Pandit – Eternity Spin

Pandit - Eternity Spin

A Pandit is a Hindu holy man, learned in Vedic scriptures and able to recite large passages of these from memory. Odd choice for a band name? There aren’t any obvious eastern or religious influences amongst the the ten tracks on Eternity Spin, and Pandit themselves, while they aren’t exactly anonymous, are keeping things a bit close to themselves regarding their influences and inspirations. Which always leads me to speculate about motivation and background, without which reviewing an album is just that bit more difficult. Their Facebook namechecks Midlake and the Chemical Brothers, if that helps. In any event, their music has a familiarity about it which makes my supposed need for ever more information a bit redundant.

Essentially, Pandit are treading what is now a well worn path, first trailblazed by Wayne Coyne over a decade ago. That of laid back guitar and keyboard tunes drenched in swathes of reverb and phasing and, as Lips influenced albums go, this isn’t an at all bad collection of music. It just sounds ten years too late to really make the impression that (I again presuppose) the band want to. Whatever kind of album musicians want to create, there isn’t and there never has been any real substitute for songwriting; whether grinding out one-chord thrash anthems or rewriting the collected works of J.S. Bach. The strongest moments on Eternity Spin really do seem to rely more on production than the musicianship, which that partly overshadows. This is immediately noticeable on several tracks and eventually remains my own lasting impression of the entire album.

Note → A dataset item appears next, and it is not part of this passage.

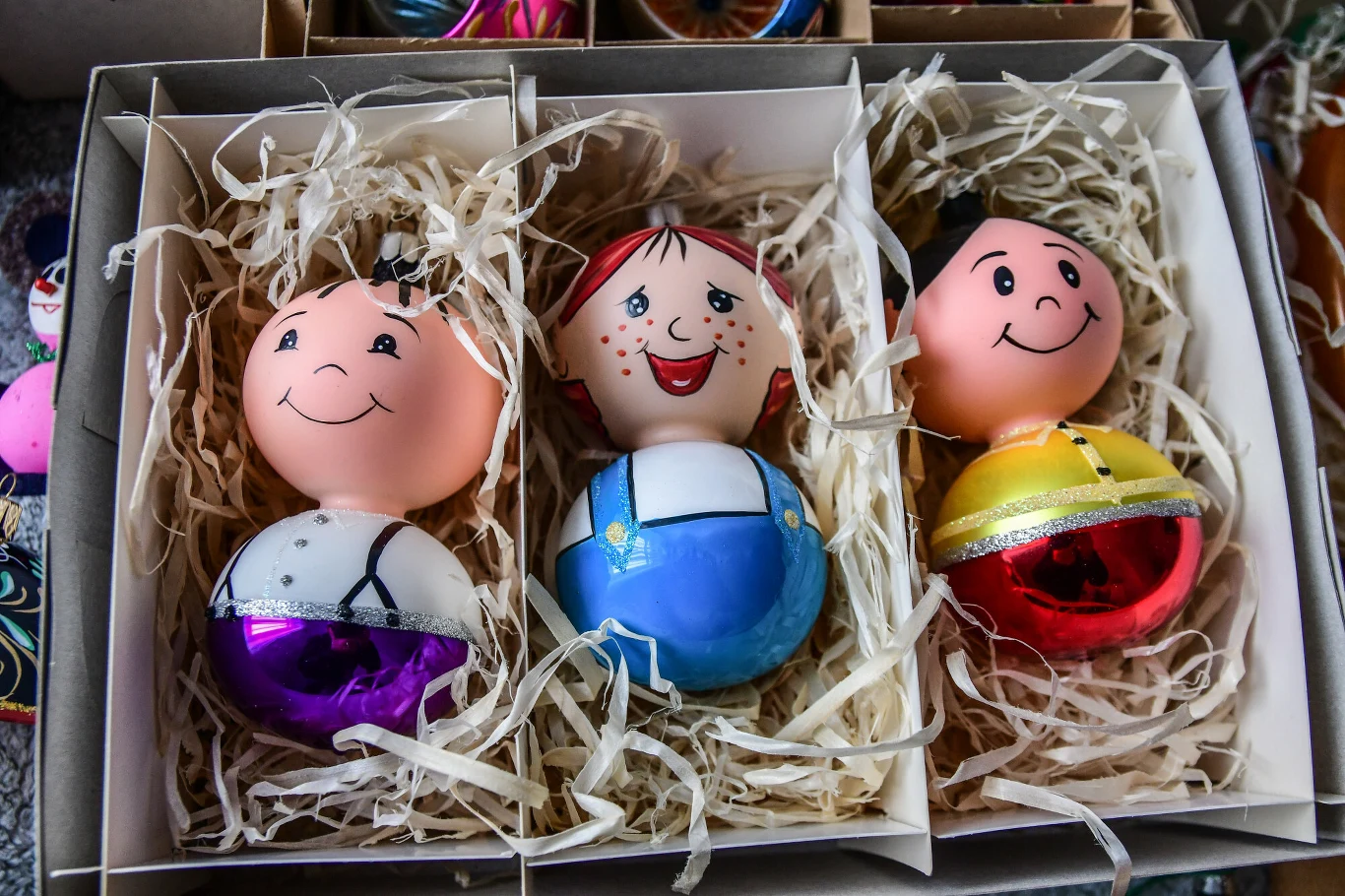 Ozdoby choinkowe produkowane w czasach PRL-u są dziś prawdziwą gratką dla kolekcjonerów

So, first and second impressions lead to my feeling less than overawed by the vast soundscapes Pandit build around their basic guitar and drum machine format. Though it’s undeniable that they do this with some skill and enthusiasm, they are also playing things very, very safely. First track “Pack Your Bags” has the eloquent drift of an album closer, it’s unhurried guitar strum swiftly bringing matters to a Mercury Rev conclusion, within less than 50 seconds. No drum machines as yet though, and second track “Artichoke” would have made an altogether more effective opener, an altogether more powerful and well constructed song which not everyone who listens to Eternity Spin might hear. “Skivvies” and, notably, “Kathryn My Love” are more exercises in song construction than actual songs in their own right, and the sampled intro to “We Reach Out” is that track’s most obvious strength.

Around here I started to wonder exactly what it was I wanted Pandit to do. They are obviously committed to making sounds of a very specific kind, but, what do I really want to hear from them? Crashing live percussion and incendiary guitar breaks? Swathes of feedback and mono tambourines? How about something less in the reverb and phasing department and more coherent verse and chorus structures? That would of course take Pandit away from their own defined mission statement (I won’t hazard as to exactly what that involves). Continuing to listen, “Scotch” just sounds a bit lazy, an archaic keyboard drum sound and yet more ethereal instrumentation, and it seems Pandit themselves must’ve begun to feel that something was lacking in the overall inspiration department. So, “Kodiak” is probably the strongest track of the ten here, a picked guitar, a romantic lyric, and vibes kept mostly in the background. This leads into the final and longest track “European Dance Theatre” which, while it fully reveals Pandit’s actually experimental side, probably isn’t a very easy 10 minutes to accompany with movement, even that of the expressively improvisatory kind.

“Eternity Spin” has actually annoyed me in no small measure. It is overproduced, lacking in focus both musically and in its overall concept, and really manages to sound a bit dull, despite the obvious effort that’s gone into its construction. Saying that, I don’t doubt that the album will find its adherents, although I also speculate that those might mostly consist of Pandit themselves and their closest collaborators and associates.